# RO47019: Intelligent Control Systems Practical Assignment
* Period: 2022-2023, Q3
* Course homepage: https://brightspace.tudelft.nl/d2l/home/500969
* Instructor: Cosimo Della Santina (C.DellaSantina@tudelft.nl)
* Teaching assistant: Ruben Martin Rodriguez (R.MartinRodriguez@student.tudelft.nl)
* (c) TU Delft, 2023

Make sure you fill in any place that says `YOUR CODE HERE` or `YOUR ANSWER HERE`. Remove `raise NotImplementedError()` afterwards. Moreover, if you see an empty cell, please DO NOT delete it, instead run that cell as you would run all other cells. Please fill in your name(s) and other required details below:

In [None]:
# Please fill in your names, student numbers, netID, and emails below.
STUDENT_1_NAME = ""
STUDENT_1_STUDENT_NUMBER = ""
STUDENT_1_NETID = ""
STUDENT_1_EMAIL = ""

In [None]:
# Note: this block is a check that you have filled in the above information.
# It will throw an AssertionError until all fields are filled
assert STUDENT_1_NAME != ""
assert STUDENT_1_STUDENT_NUMBER != ""
assert STUDENT_1_NETID != ""
assert STUDENT_1_EMAIL != ""

### General announcements

* Do *not* share your solutions, and do *not* copy solutions from others. By submitting your solutions, you claim that you alone are responsible for this code.

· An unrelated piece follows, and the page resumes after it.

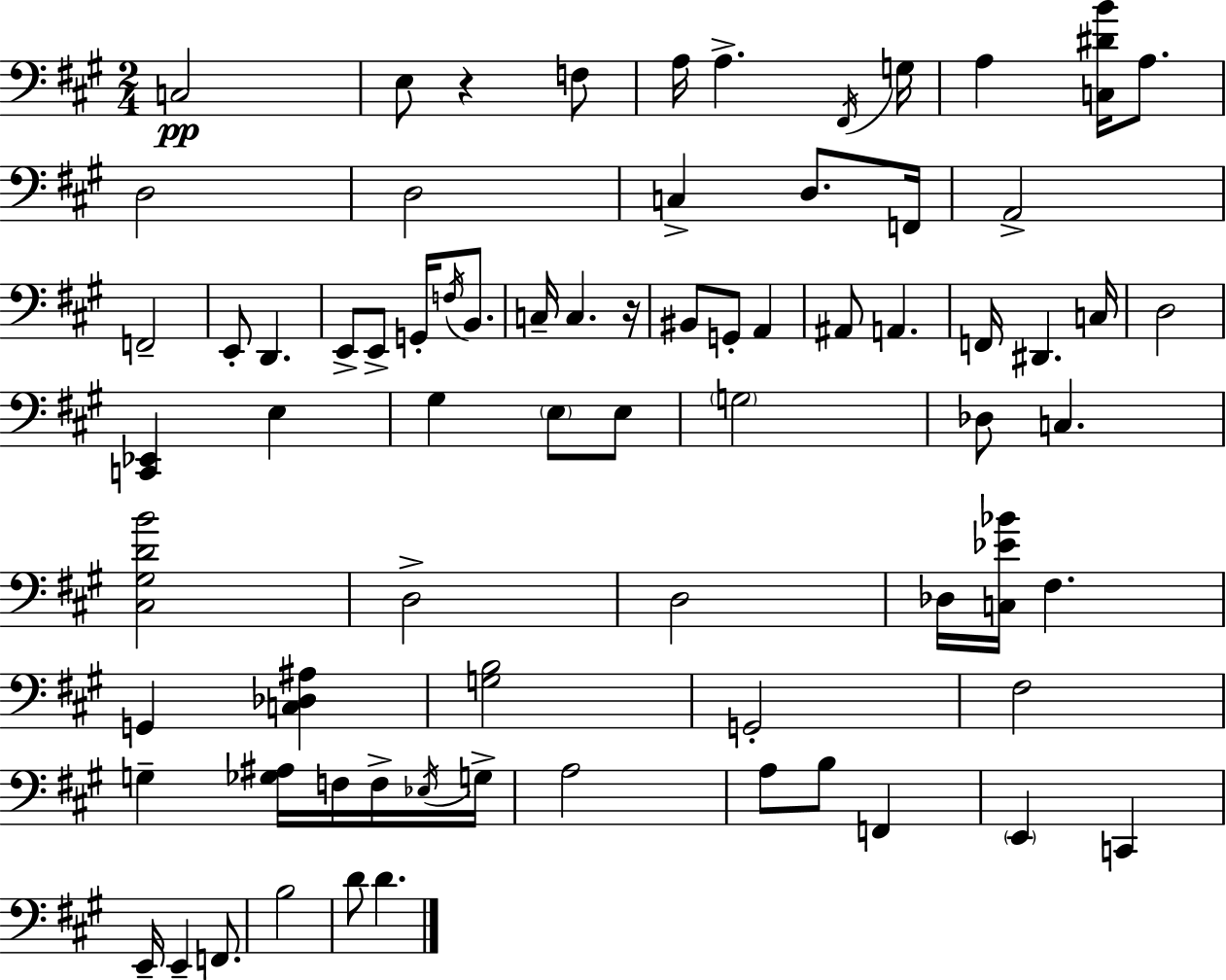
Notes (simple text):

C3/h E3/e R/q F3/e A3/s A3/q. F#2/s G3/s A3/q [C3,D#4,B4]/s A3/e. D3/h D3/h C3/q D3/e. F2/s A2/h F2/h E2/e D2/q. E2/e E2/e G2/s F3/s B2/e. C3/s C3/q. R/s BIS2/e G2/e A2/q A#2/e A2/q. F2/s D#2/q. C3/s D3/h [C2,Eb2]/q E3/q G#3/q E3/e E3/e G3/h Db3/e C3/q. [C#3,G#3,D4,B4]/h D3/h D3/h Db3/s [C3,Eb4,Bb4]/s F#3/q. G2/q [C3,Db3,A#3]/q [G3,B3]/h G2/h F#3/h G3/q [Gb3,A#3]/s F3/s F3/s Eb3/s G3/s A3/h A3/e B3/e F2/q E2/q C2/q E2/s E2/q F2/e. B3/h D4/e D4/q.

* Do *not* email questions directly, since we want to provide everybody with the same information and avoid repeating the same answers. Instead, please post your questions regarding this assignment in the correct support forum on Brightspace, this way everybody can benefit from the response. If you do have a particular question that you want to ask directly, please use the scheduled Q&A hours to ask the TA.

* There is a strict deadline for each assignment. Students are responsible to ensure that they have uploaded their work in time. So, please double check that your upload succeeded to the Brightspace and avoid any late penalties.

* This [Jupyter notebook](https://jupyter.org/) uses `nbgrader` to help us with automated tests. `nbgrader` will make various cells in this notebook "uneditable" or "unremovable" and gives them a special id in the cell metadata. This way, when we run our checks, the system will check the existence of the cell ids and verify the number of points and which checks must be run. While there are ways that you can edit the metadata and work around the restrictions to delete or modify these special cells, you should not do that since then our nbgrader backend will not be able to parse your notebook and give you points for the assignment. You are free to add additional cells, but if you find a cell that you cannot modify or remove, please know that this is on purpose.

* This notebook will have in various places a line that throws a `NotImplementedError` exception. These are locations where the assignment requires you to adapt the code! These lines are just there as a reminder for youthat you have not yet adapted that particular piece of code, especially when you execute all the cells. Once your solution code replaced these lines, it should accordingly *not* throw any exceptions anymore.

Before you turn this problem in, make sure everything runs as expected. First, **restart the kernel** (in the menubar, select Kernel$\rightarrow$Restart) and then **run all cells** (in the menubar, select Cell$\rightarrow$Run All).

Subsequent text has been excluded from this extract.